Task details
Write out every record exactly as it appears. Skip the pictures.

Supplied material
+ + +

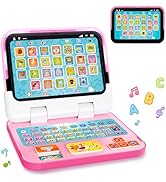Learning Toy for Kids 1 2 3 Year Old Boys Girls, Learning Laptop for Toddlers 1-3, Interactive Ed...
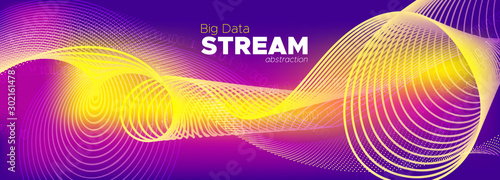 Big Data Vector. Colorful M...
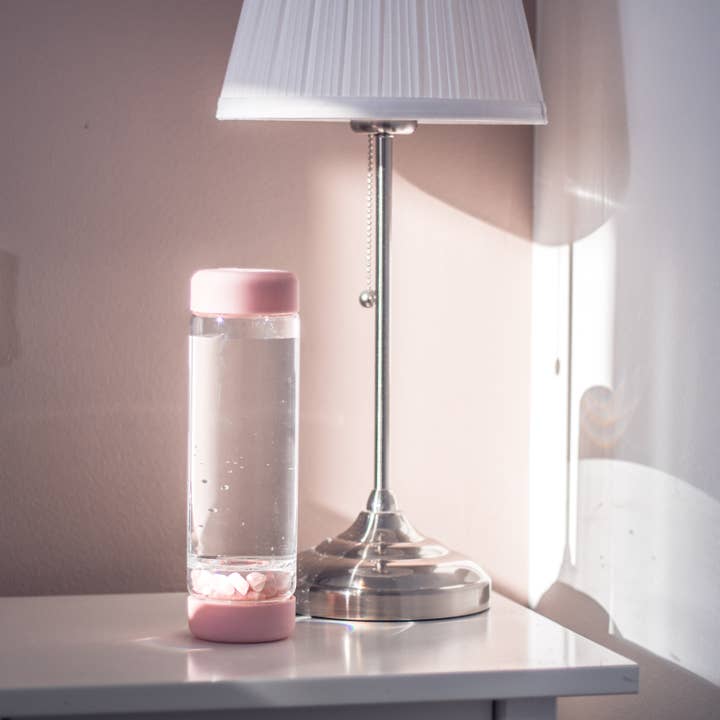 VitaJuwel USA - Vente Bouteilles d'eau - Inu ! ROSE | Bouteille d'eau en cristal DIY6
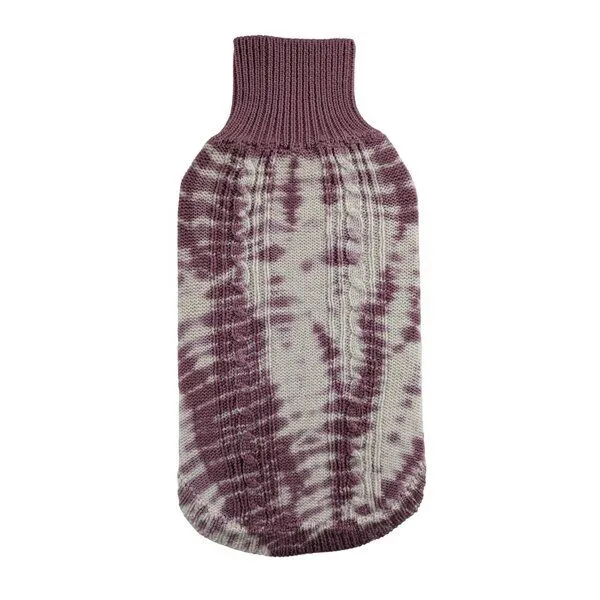 Wooliie Wooliie Rose Rift – Handgefertigter Hundepullover aus 100 % Merinowolle mit Zopfmuster & pflanzlicher Färbung – Produktbild 1 von 3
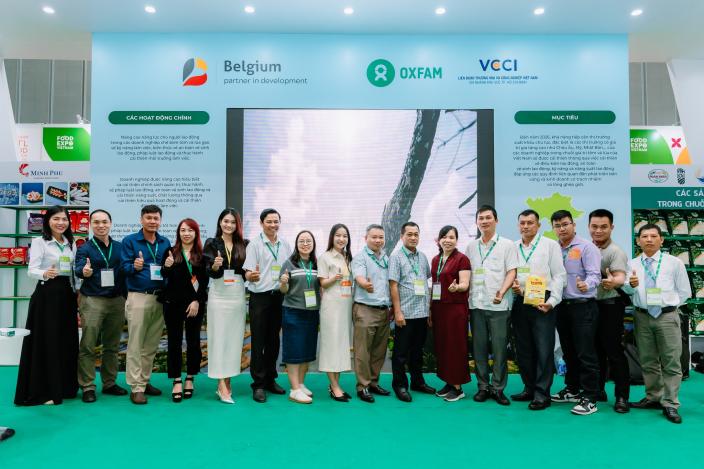 Doanh nghiệp và HTX tôm - lúa tăng cường liên kết thị trường tại Vietnam FoodExpo 2025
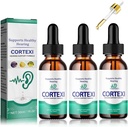 ECONROB 3 Pack Cortexi Tinnitus Treatment, [1x30ML] Cortexi Hearing Support Drops, Cortexi Advanced Formel Drops for Ear Health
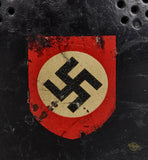 Third Reich Model 1934 Fire Police Double Decal Helmet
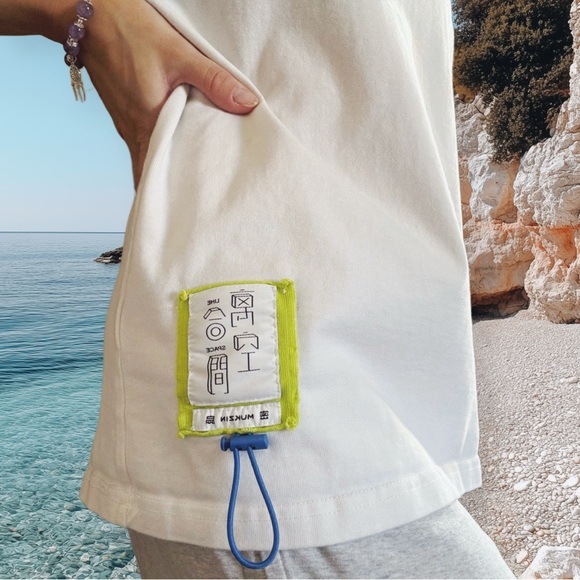 MUKZIN Lime and White Graphic Tee - Picture 5 of 9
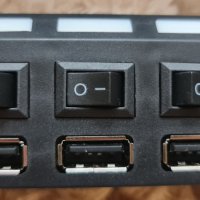 USB hub, снимка 4 - Кабели и адаптери - 42457973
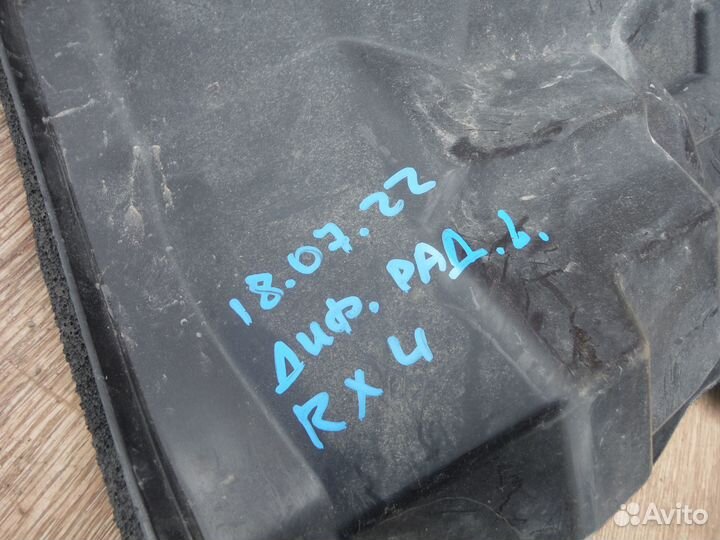 Дефлектор радиатора левый Lexus RX 4 2019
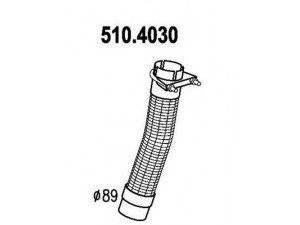 ASSO 510.4030 lanksti žarna, išmetimo sistema
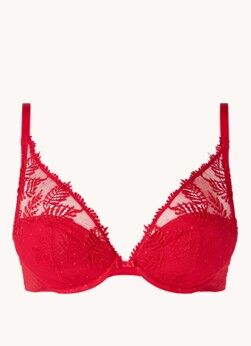 Simone Pérèle Bloom beugel bh met uitneembare push-up - Donkerrood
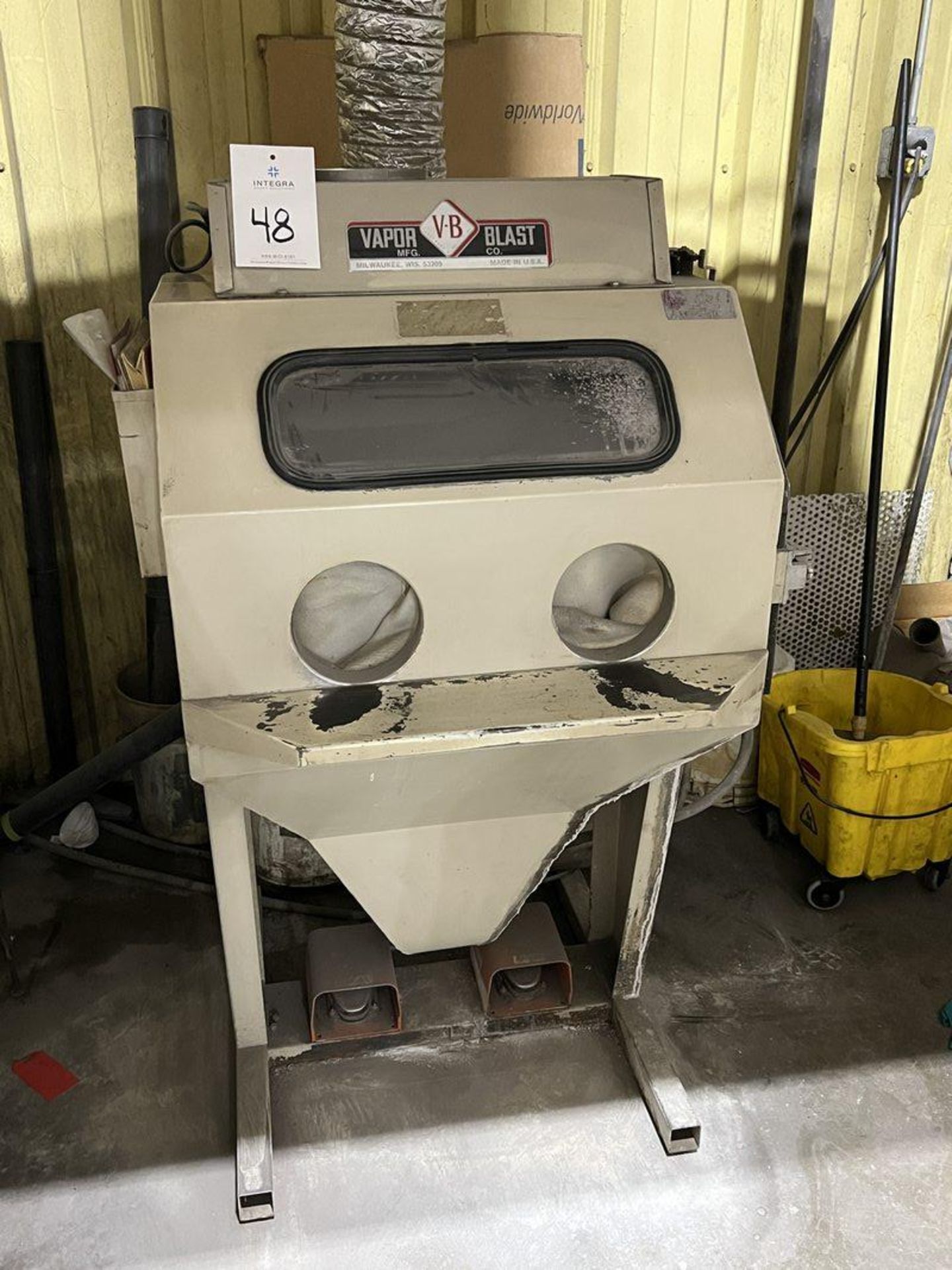 Vapor Blast VBLH-2820 Sand Blasting Cabinet, S/N 6953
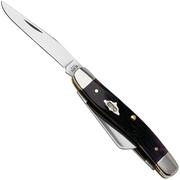 Case Medium Stockman 09701 Purple Bone, Barnboard Jig 6318 SS pocket knife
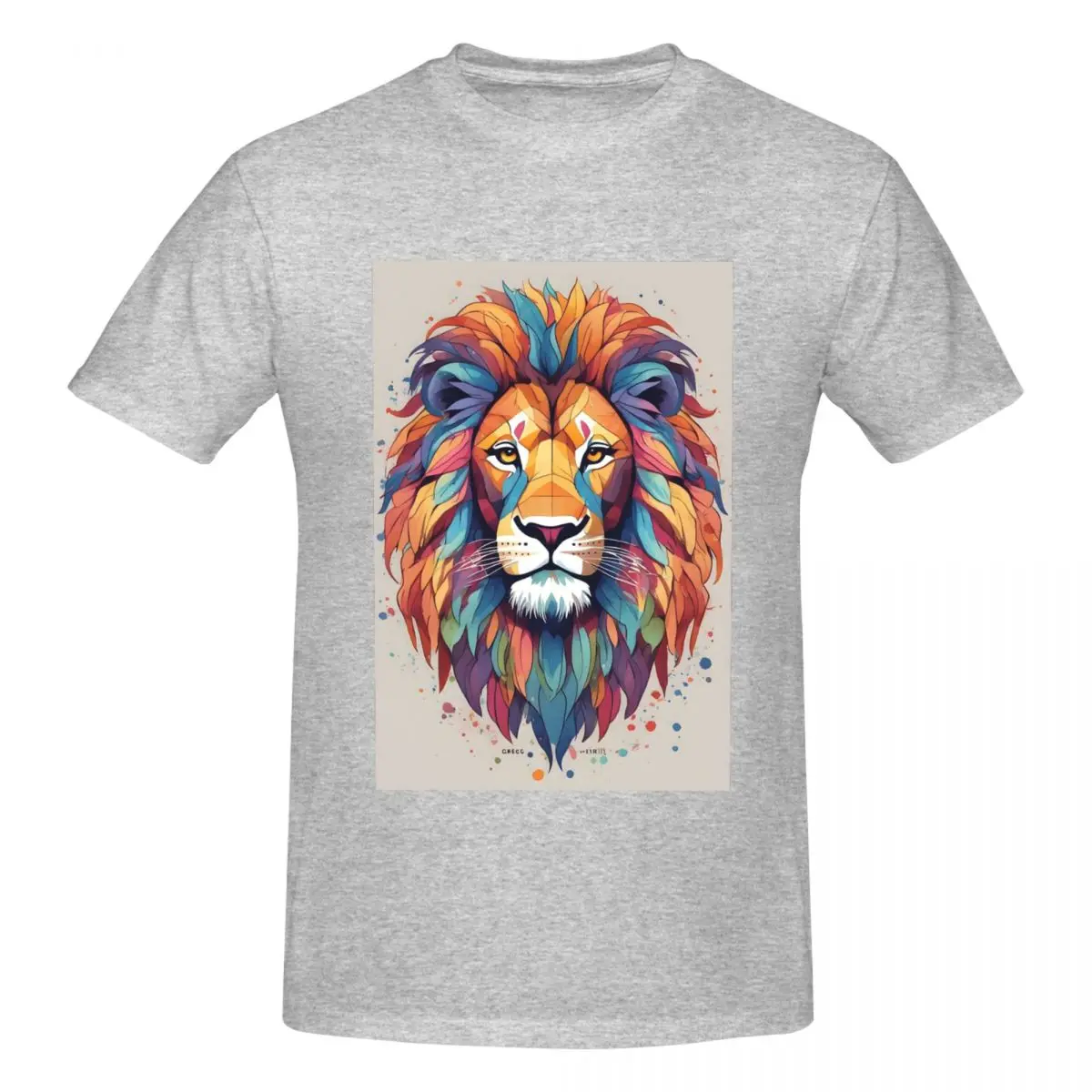 

Cool Animals, Lions, Tigers, Gorillas 4 Men's tight fitting sports T-shirt,cosy,3D print T-shirt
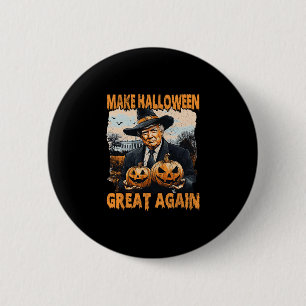 Badge Rond 5 Cm Rendez Halloween Great Encore Drôle Trump Sorcière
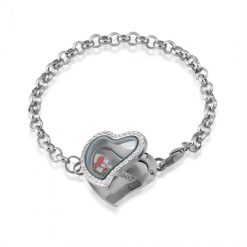 Armband mit Gravur und Charms "Homam" 6 Armband mit Gravur und Charms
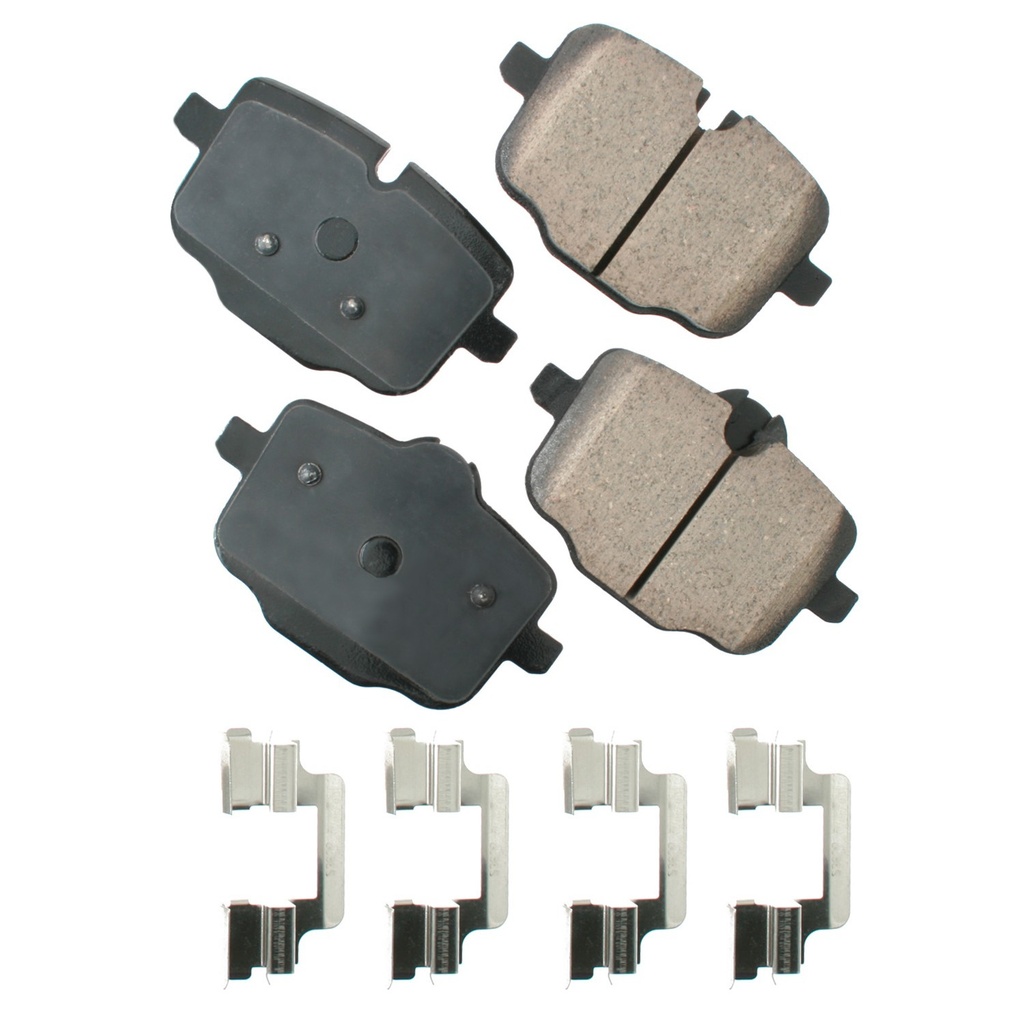 Akebono Brake Corporation - Brake Pads Rear BMW 550i 11-16 550i xDrive 11-16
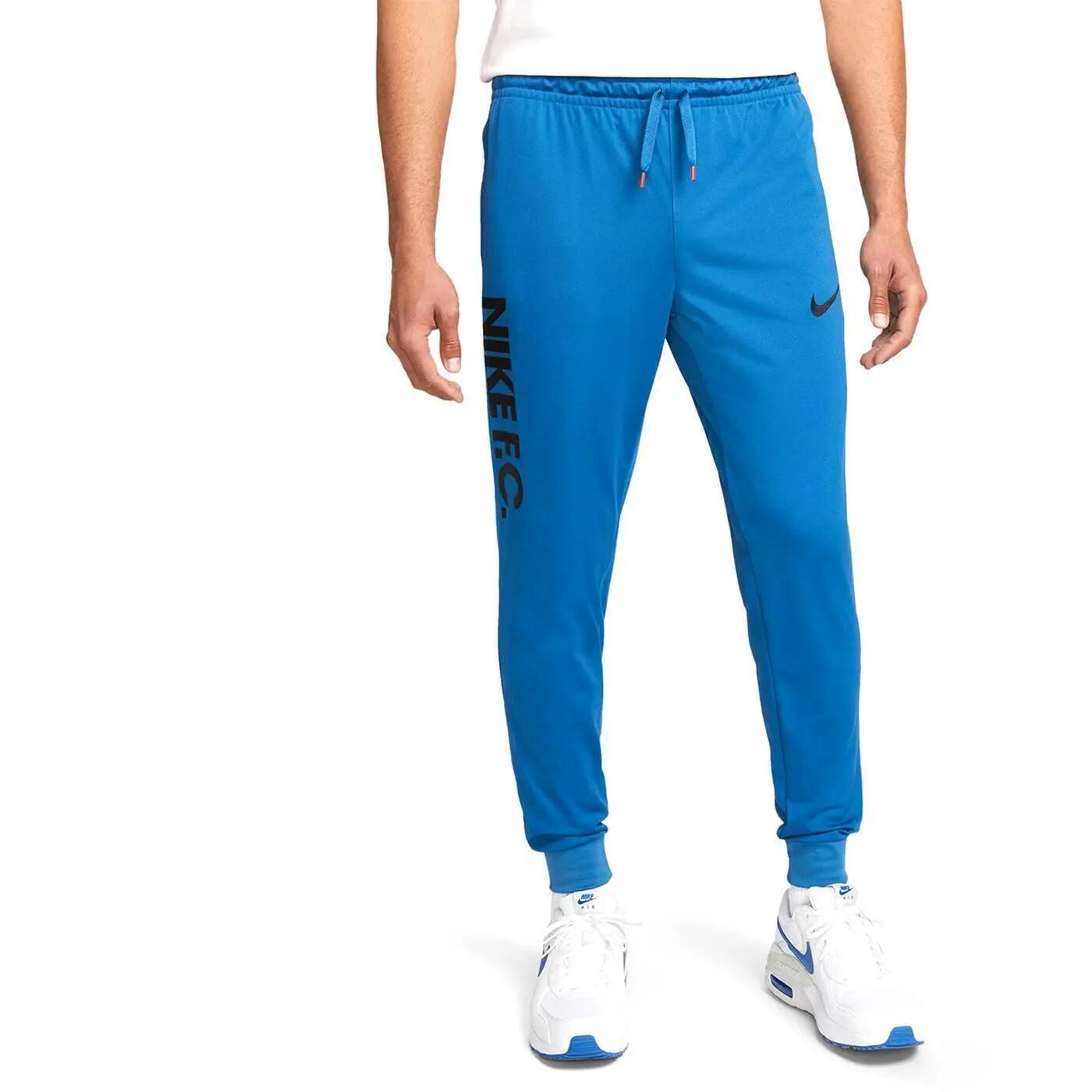 Pantaloni barbati Nike FC Dri-FIT, Albastru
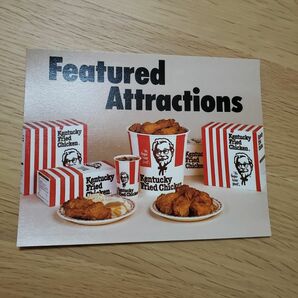 アメリカ　ヴィンテージ　KFC ケンタッキー　フライドチキン　広告カード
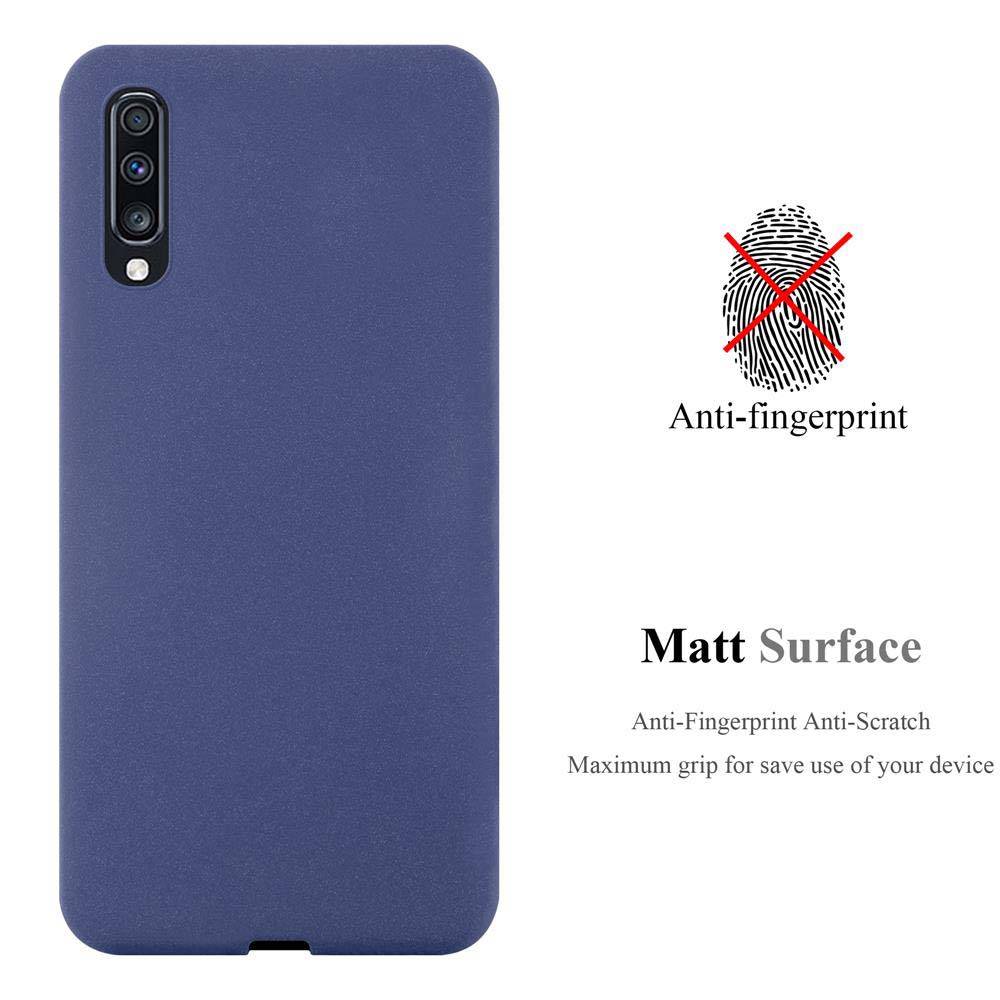 Cadorabo Schutzhülle für Samsung Galaxy A70 / A70s Hülle in Blau Handyhülle TPU Etui Cover Case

+ + +

Solution for this exercise
Learning Toy for Kids 1 2 3 Year Old Boys Girls, Learning Laptop for Toddlers 1-3, Interactive Ed...
 Big Data Vector. Colorful M...
 VitaJuwel USA - Vente Bouteilles d'eau - Inu ! ROSE | Bouteille d'eau en cristal DIY6
 Wooliie Wooliie Rose Rift – Handgefertigter Hundepullover aus 100 % Merinowolle mit Zopfmuster & pflanzlicher Färbung – Produktbild 1 von 3
 Doanh nghiệp và HTX tôm - lúa tăng cường liên kết thị trường tại Vietnam FoodExpo 2025
 ECONROB 3 Pack Cortexi Tinnitus Treatment, [1x30ML] Cortexi Hearing Support Drops, Cortexi Advanced Formel Drops for Ear Health
 Third Reich Model 1934 Fire Police Double Decal Helmet
 MUKZIN Lime and White Graphic Tee - Picture 5 of 9
 USB hub, снимка 4 - Кабели и адаптери - 42457973
 Дефлектор радиатора левый Lexus RX 4 2019
 ASSO 510.4030 lanksti žarna, išmetimo sistema
 Simone Pérèle Bloom beugel bh met uitneembare push-up - Donkerrood
 Vapor Blast VBLH-2820 Sand Blasting Cabinet, S/N 6953
 Case Medium Stockman 09701 Purple Bone, Barnboard Jig 6318 SS pocket knife

Cool Animals, Lions, Tigers, Gorillas 4 Men's tight fitting sports T-shirt,cosy,3D print T-shirt
 Badge Rond 5 Cm Rendez Halloween Great Encore Drôle Trump Sorcière
 Armband mit Gravur und Charms "Homam" 6 Armband mit Gravur und Charms
 Akebono Brake Corporation - Brake Pads Rear BMW 550i 11-16 550i xDrive 11-16
 Pantaloni barbati Nike FC Dri-FIT, Albastru
 アメリカ　ヴィンテージ　KFC ケンタッキー　フライドチキン　広告カード
 Cadorabo Schutzhülle für Samsung Galaxy A70 / A70s Hülle in Blau Handyhülle TPU Etui Cover Case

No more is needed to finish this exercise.